We both scheduled to take Thursday and Friday off work/school and prepared an itinery for the four day adventure. We began by booking the fishing charter boat to take us from the nearest town out to the point. Luckily we found 'Uncle Ducky' who had a very good website
and was happy to take us out on the lake. However, he did warn us that October was a difficult time, as the waters were often very rough. We decided to go ahead anyway, rather than wait another year to attempt the trip. Next thing was booking air tickets to meet in Chicago airport. We also booked a rental car to drive up the coast to Marquette.
We arrived as scheduled on Friday 17th October 2002 in Chicago. We hired the car and set off on a nine hour drive. The excitement was building and building as we got closer to Marquette and the realization of our crazy idea. Most of my fellow philosophers thought we were crazy for going. They couldn't understand the extremely romantic notion (at least to us anyway!) of meeting at a confluence point. "Why not a tropical island?", they said.
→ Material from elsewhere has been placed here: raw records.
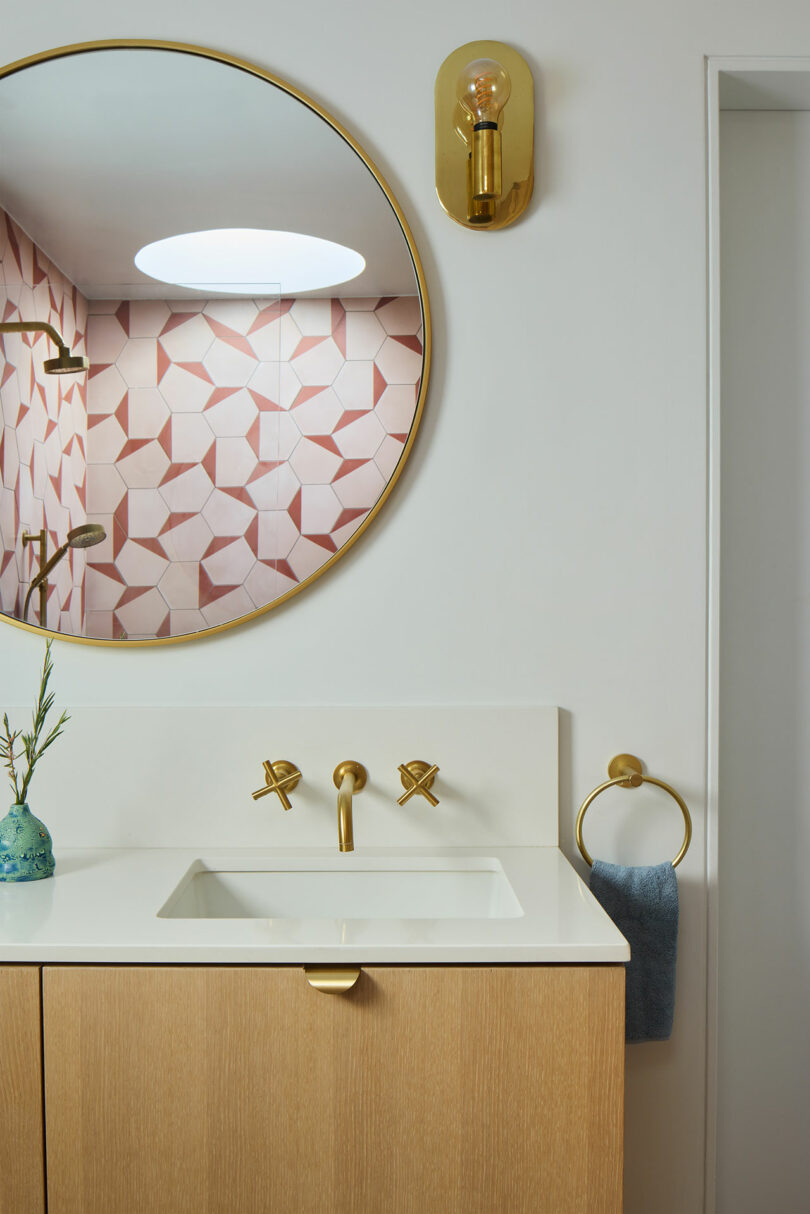 Modern bathroom with a round mirror, brass fixtures, light wood vanity, white countertop, and geometric pink tiles reflected from the shower.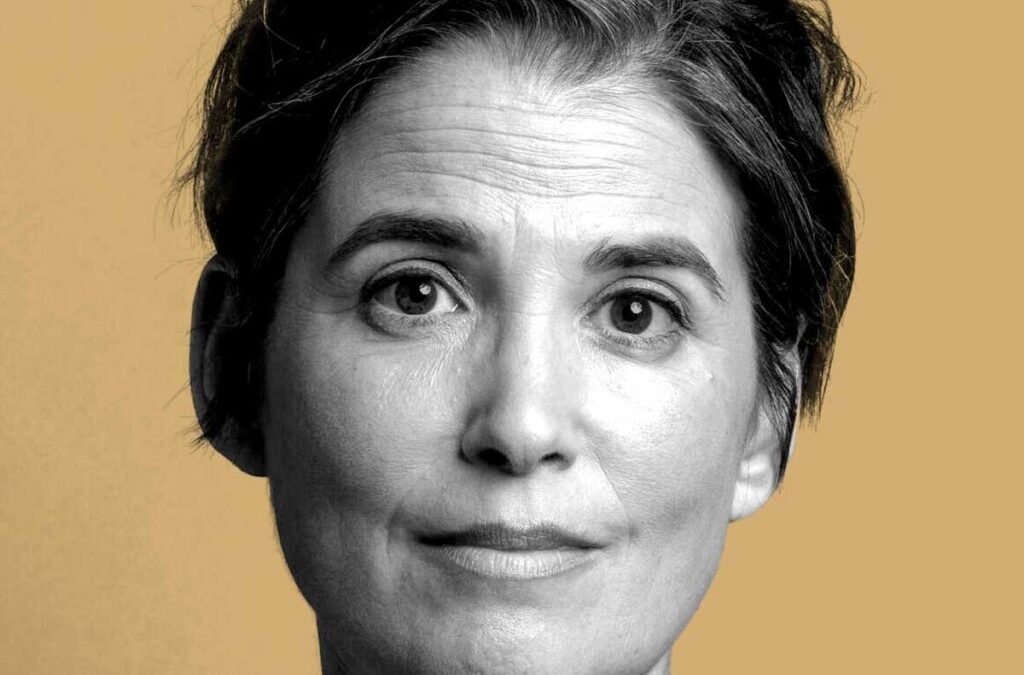 Woman with short hair on mustard background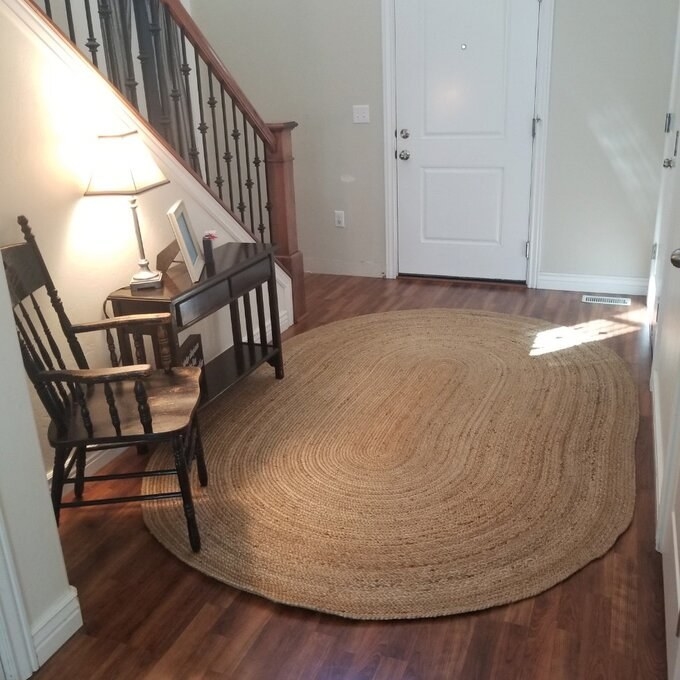 a reviewer photo of the jute rug
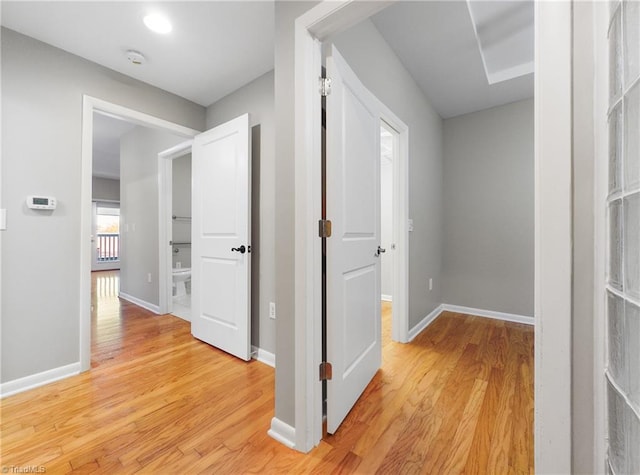 hallway with light hardwood / wood-style floors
"Ahh", I said, "but no one has ever documented this confluence. Don't you see? We'll be pioneers. Just as intrepid and adventurous as explorers who found the north pole." After which I added, "what else in the modern geography of the world is yet to be discovered?" To which my scholarly friends shook their heads sagely and wondered what could provoke such bizarre behaviour. I chuckled and carried my head high. I knew that our story would be more exciting and dramatic than four days doing nothing on a beach in Hawaii.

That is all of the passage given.